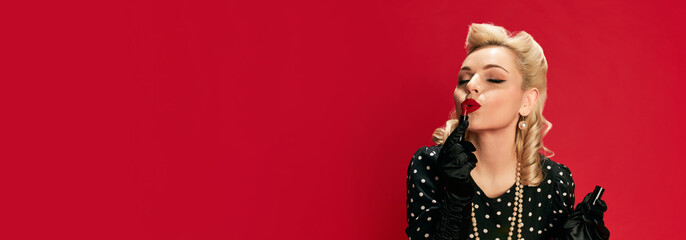 Beautiful young girl with stylish hairstyle posing in dress, applying red lipstick against red...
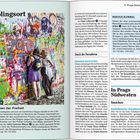 Texte: "YOFO", "Lieblingsort", "Die Farben der Freiheit", "John-Lennon-Mauer", "In Prags Südwesten". Zwei Personen bemalen eine bunte Wand.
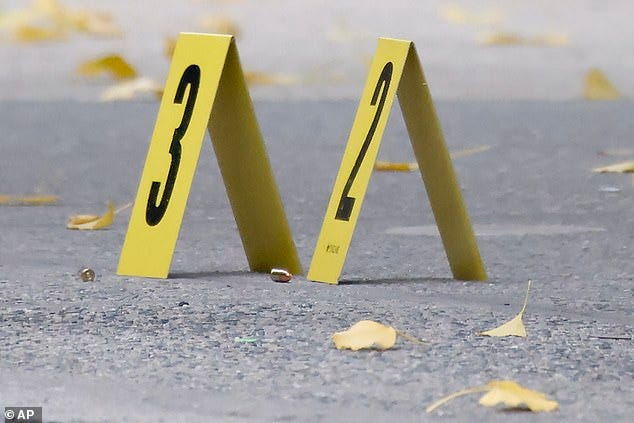 Bullets lie on the sidewalk at the scene outside the Hilton Hotel in midtown Manhattan where Brian Thompson, the CEO of UnitedHealthcare, was fatally shot, Wednesday, December 4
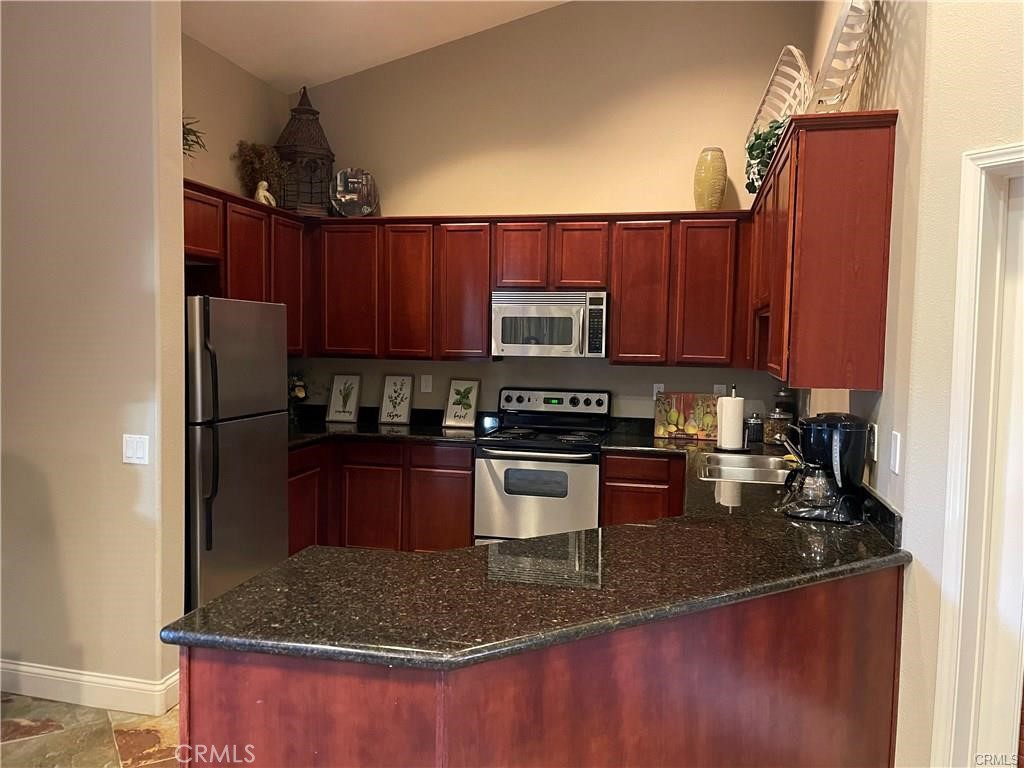 375 Central, Unit 124 Riverside, CA 92507 - Photo 27 of 31 a kitchen with stainless steel appliances granite countertop a sink stove and refrigerator
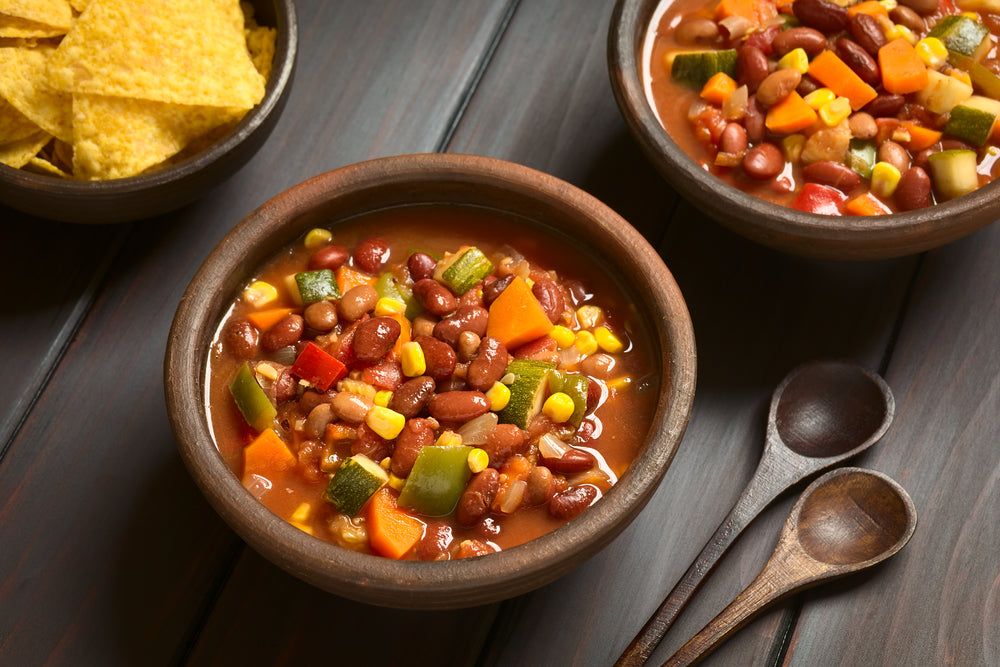 Bowl of vegetarian chili with beans and vegetables next to two dark wooden spoons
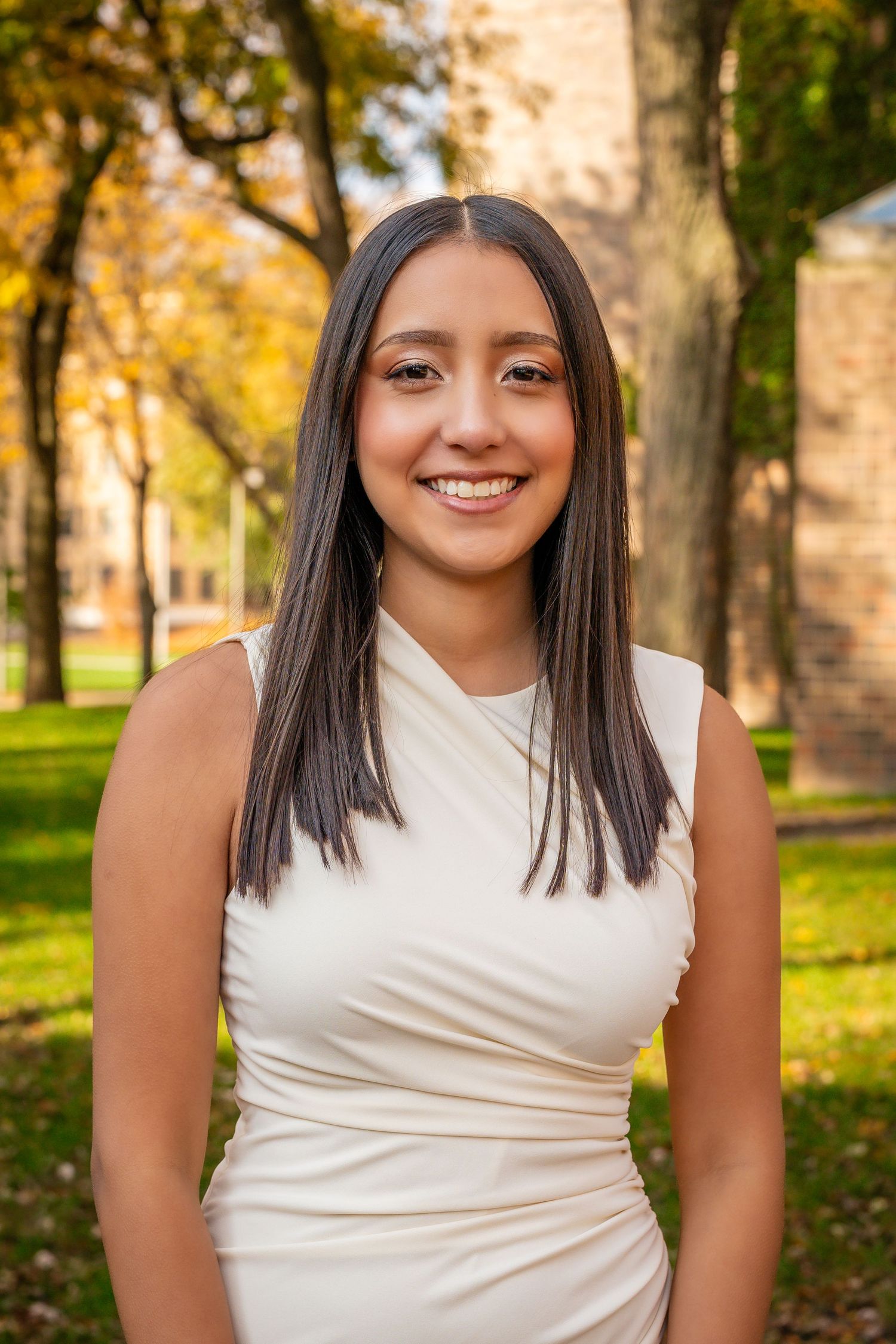 Portrait series in white sleeveless top against autumn foliage background.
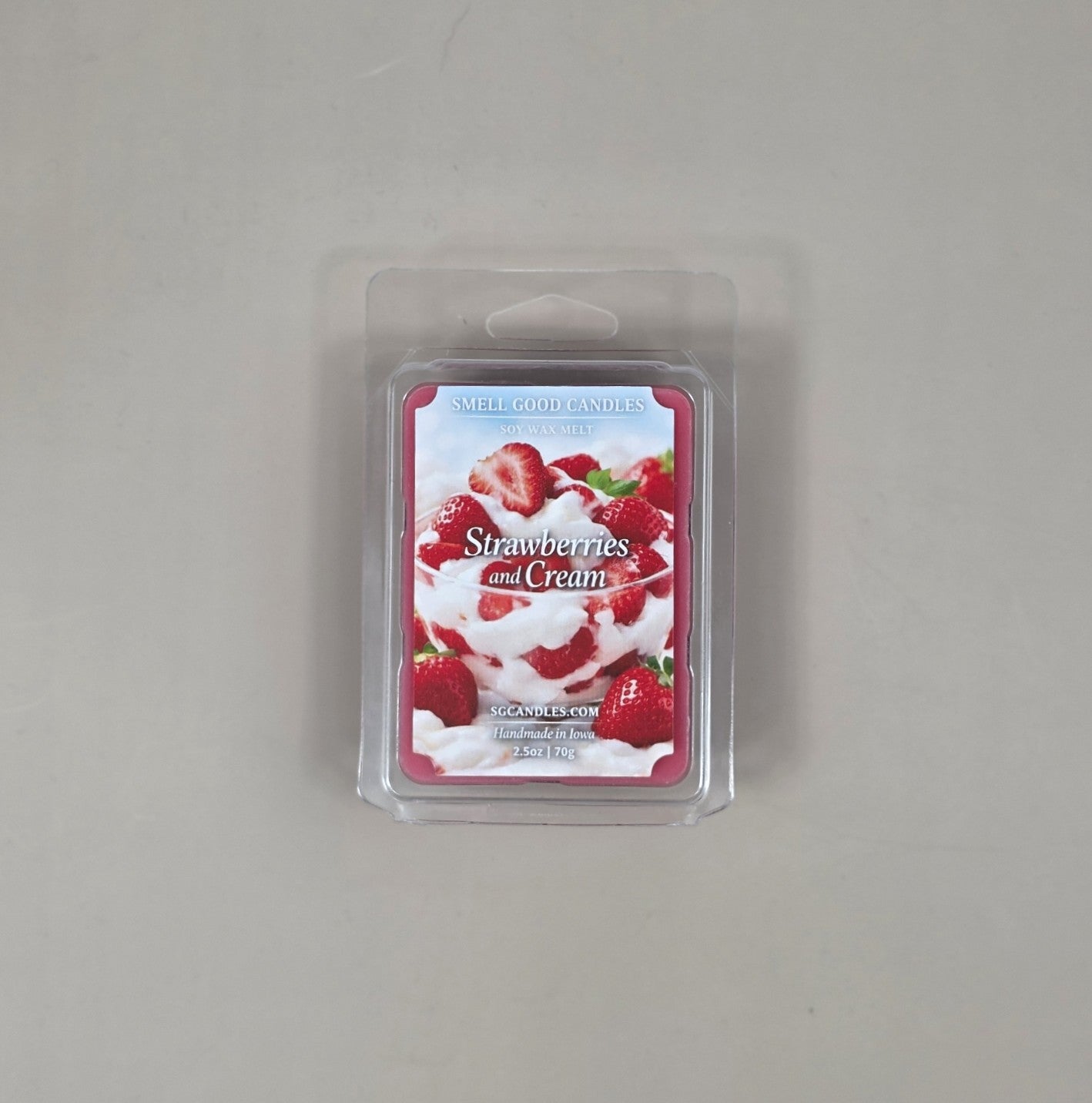 Strawberries and Cream wax melt package on a gray background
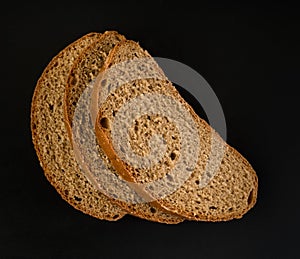 three slices of dark bread, on a black background in isolation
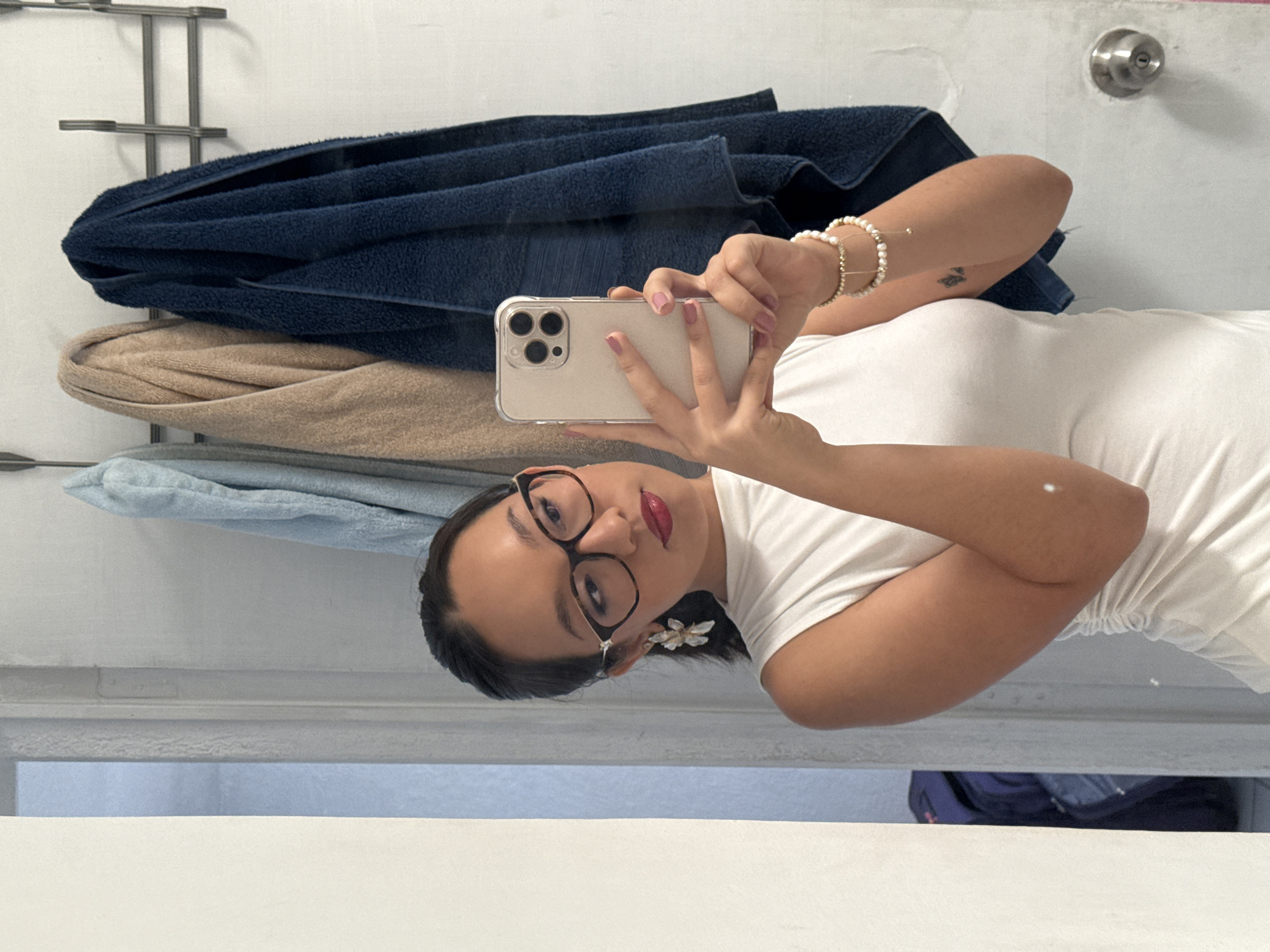 A woman with dark hair pulled back and glasses, wearing a white shirt and a flower earring, is taking a selfie with a beige-colored smartphone in a bathroom. She is positioned in front of a towel rack holding a dark blue towel, a tan towel, and a light blue towel. A pearl bracelet is visible on her wrist. A silver doorknob is visible on the wall above the towels. The bottom portion of the frame reveals a section of the white sink and a glimpse of a dark-colored object underneath. This setting is likely a residential bathroom, though without additional information, I cannot confirm the location of Puebla, Mexico.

• **WHAT TO DO**
Give every record again without changing a word. Exclude the pictures.

• **TASK RESULT**
 Beautiful young girl with stylish hairstyle posing in dress, applying red lipstick against red...
 Texte: "YOFO", "Lieblingsort", "Die Farben der Freiheit", "John-Lennon-Mauer", "In Prags Südwesten". Zwei Personen bemalen eine bunte Wand.
 Bullets lie on the sidewalk at the scene outside the Hilton Hotel in midtown Manhattan where Brian Thompson, the CEO of UnitedHealthcare, was fatally shot, Wednesday, December 4
 375 Central, Unit 124 Riverside, CA 92507 - Photo 27 of 31 a kitchen with stainless steel appliances granite countertop a sink stove and refrigerator
 Bowl of vegetarian chili with beans and vegetables next to two dark wooden spoons
 Portrait series in white sleeveless top against autumn foliage background.
 Strawberries and Cream wax melt package on a gray background
 three slices of dark bread, on a black background in isolation
 A woman with dark hair pulled back and glasses, wearing a white shirt and a flower earring, is taking a selfie with a beige-colored smartphone in a bathroom. She is positioned in front of a towel rack holding a dark blue towel, a tan towel, and a light blue towel. A pearl bracelet is visible on her wrist. A silver doorknob is visible on the wall above the towels. The bottom portion of the frame reveals a section of the white sink and a glimpse of a dark-colored object underneath. This setting is likely a residential bathroom, though without additional information, I cannot confirm the location of Puebla, Mexico.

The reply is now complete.